*** Opening of Supplied data ***

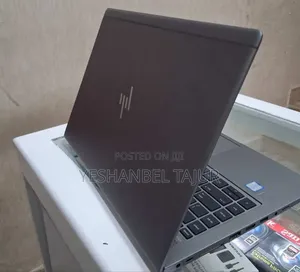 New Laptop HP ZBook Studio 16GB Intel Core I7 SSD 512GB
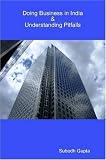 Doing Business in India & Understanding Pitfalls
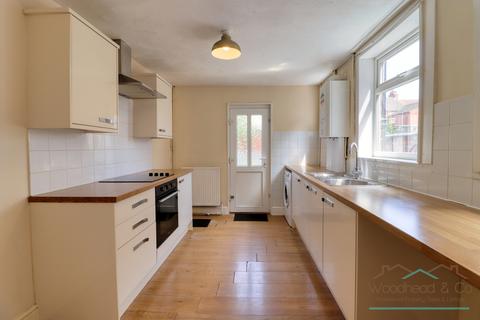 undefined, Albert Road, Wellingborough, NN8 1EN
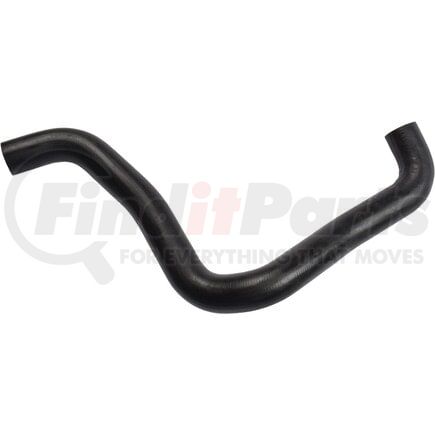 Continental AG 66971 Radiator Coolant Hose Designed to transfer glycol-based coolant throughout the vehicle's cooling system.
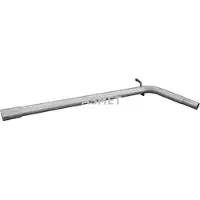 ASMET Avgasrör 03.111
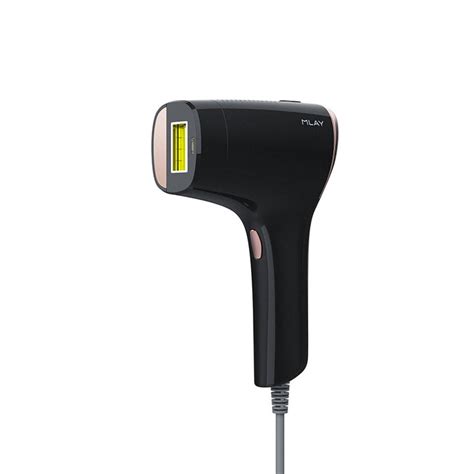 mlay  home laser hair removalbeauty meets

*** Close of Supplied data ***

- Exercise directions
The whole listing is to be duplicated verbatim, apart from its images.

- Reply to the task
 New Laptop HP ZBook Studio 16GB Intel Core I7 SSD 512GB
 Doing Business in India & Understanding Pitfalls
 undefined, Albert Road, Wellingborough, NN8 1EN
 Continental AG 66971 Radiator Coolant Hose Designed to transfer glycol-based coolant throughout the vehicle's cooling system.
 ASMET Avgasrör 03.111
 mlay  home laser hair removalbeauty meets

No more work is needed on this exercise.